Isto é, quando um outro transtorno está presente, como por exemplo, a depressão, complicando ainda mais o quadro clínico.

fobia de insetos e de outros bichos

Abaixo se encontra uma lista de animais que  podem deixar algumas pessoas absolutamente apavoradas ao entrarem em contato com eles.

Ou a simples antecipação deste contato.

  • Baratas
  • Borboletas
  • Joaninhas
  • Abelhas
  • Vespas
  • Lagartixas
  • Taturanas
  • Aranhas
  • Pássaros
  • Morcegos
  • Cães
  • Gatos
  • Ratos
  • Cobras
  • lagartos
  • Sapos

fobia de insetos e de outros bichos

Ao entrar em contato com estes insetos ou outros bichos, a reação de ansiedade é imediata, com taquicardia, falta de ar, tremor, suor , ficar paralisado sem esboçar reação e medo que pode chegar ao pavor. Os ataques de pânico são frequentes.

A fobia de insetos e as fobias de pequenos animais são os tipos mais comuns de fobias específicas

fobia de insetos e de outros bichos

Alguém que sofra desse tipo de fobia, geralmente tem sintomas relacionados a um único bicho. No entanto ela pode ter também pavor de outros bichos. Por exemplo, ela pode temer baratas e também sapos.

Quanto mais inócuo for o animal que desencadeia a fobia, mais irracional e mais incompreensível se torna o comportamento daquele que que é fóbico. Basta imaginar alguém fugindo de uma borboleta. Ou tendo um ataque de pânico diante de uma joaninha.

Agora, se alguém evita o contato com um cachorro com cara de poucos amigos, fica mais fácil de entender o seu comportamento como sendo um medo real.

Tratamento da fobia de insetos e de outros bichos

Não existem medicamentos para tratar este tipo de fobias. Muitos tentam driblar a ansiedade com calmantes, do tipo Valium, Frontal, e acabam se tornando dependentes dessas substâncias e de outras, na tentativa de se tratar.

Estes  remédios podem inclusive atrapalhar a terapia comportamental.

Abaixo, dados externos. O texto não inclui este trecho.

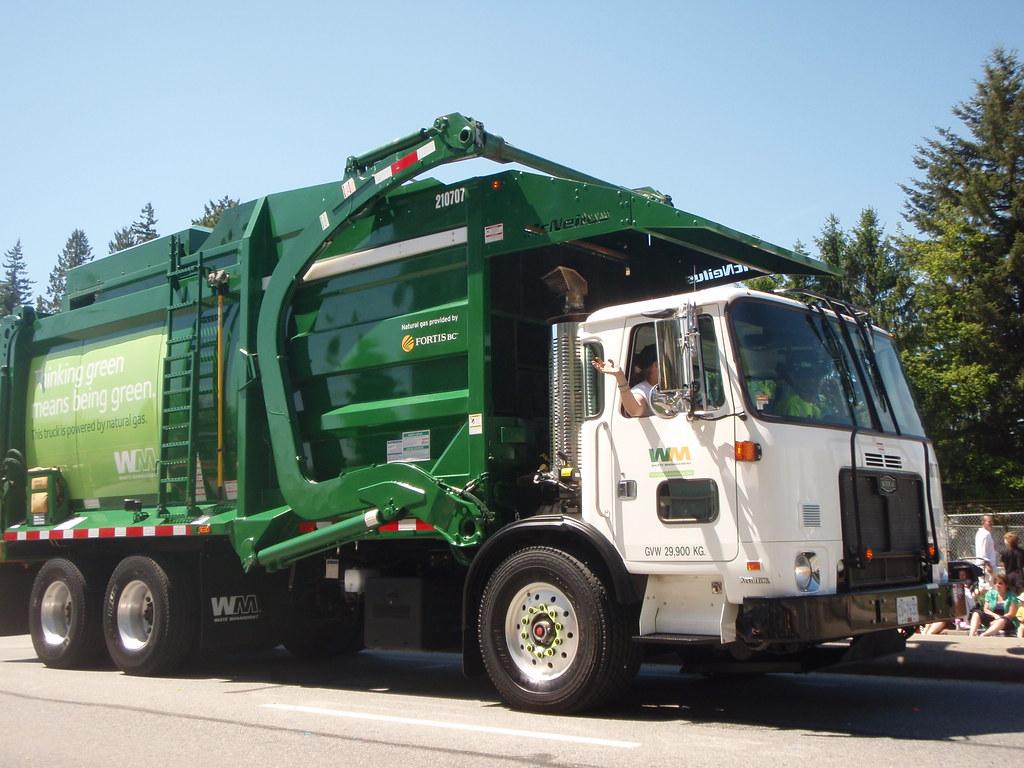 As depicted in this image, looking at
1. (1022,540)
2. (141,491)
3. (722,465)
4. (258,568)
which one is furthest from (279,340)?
(1022,540)

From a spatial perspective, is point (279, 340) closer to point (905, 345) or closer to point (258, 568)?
point (258, 568)

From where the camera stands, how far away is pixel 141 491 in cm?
1084

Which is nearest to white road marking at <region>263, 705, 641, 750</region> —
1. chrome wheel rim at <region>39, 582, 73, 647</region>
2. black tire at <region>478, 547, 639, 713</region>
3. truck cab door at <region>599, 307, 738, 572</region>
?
black tire at <region>478, 547, 639, 713</region>

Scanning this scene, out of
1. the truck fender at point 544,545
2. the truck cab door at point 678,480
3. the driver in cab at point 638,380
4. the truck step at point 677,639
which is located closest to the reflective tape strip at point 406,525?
the truck fender at point 544,545

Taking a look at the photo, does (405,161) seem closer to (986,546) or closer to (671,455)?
(671,455)

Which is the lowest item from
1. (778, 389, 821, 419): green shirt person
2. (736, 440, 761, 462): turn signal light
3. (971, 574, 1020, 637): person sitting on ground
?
(971, 574, 1020, 637): person sitting on ground

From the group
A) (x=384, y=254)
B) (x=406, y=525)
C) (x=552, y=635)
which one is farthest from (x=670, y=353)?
(x=384, y=254)

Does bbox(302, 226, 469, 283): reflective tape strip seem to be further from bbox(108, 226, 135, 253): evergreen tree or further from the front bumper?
bbox(108, 226, 135, 253): evergreen tree

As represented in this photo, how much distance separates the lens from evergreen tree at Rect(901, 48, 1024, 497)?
108ft

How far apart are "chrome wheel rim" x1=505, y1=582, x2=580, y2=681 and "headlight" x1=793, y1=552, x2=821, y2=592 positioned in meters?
1.41

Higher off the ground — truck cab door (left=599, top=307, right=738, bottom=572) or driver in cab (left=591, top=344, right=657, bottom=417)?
driver in cab (left=591, top=344, right=657, bottom=417)

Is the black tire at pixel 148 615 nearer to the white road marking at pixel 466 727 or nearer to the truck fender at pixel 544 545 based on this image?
the white road marking at pixel 466 727

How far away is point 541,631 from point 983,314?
29172 mm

Dentro da terapia comportamental, o tratamento de escolha é a Exposição. 

Esta consiste em entrar em contato com o objeto temido e evitado de forma frequente e, na medida do possível, gradualmente.

Por exemplo, se você tiver fobia de pássaros, procure começar  com um pássaro amigável; ou bonito. Por exemplo, um beija-flor. Não comece com um falcão ou um carcará, que parecem mais ameaçadores. Faça estes exercícios pelo menos três vezes por semana por 40 a 60 minutos.

Veja lojas de animais. Se estiver difícil, pesquise imagens do YouTube sobre o animal temido e faça a exposição com estes videos. Procure fazê-lo também de forma gradual e repetida.

No entanto, um terapeuta de abordagem comportamental seria o ideal no tratamento destas fobias.

Como você deve ter notado, há diversas imagens bem variadas de diversos animais neste artigo.

Elas servirão para que você,  que tem fobia de animais, se exponha a elas fazendo exposição na imaginação.

Isto pode ser útil no seu tratamento.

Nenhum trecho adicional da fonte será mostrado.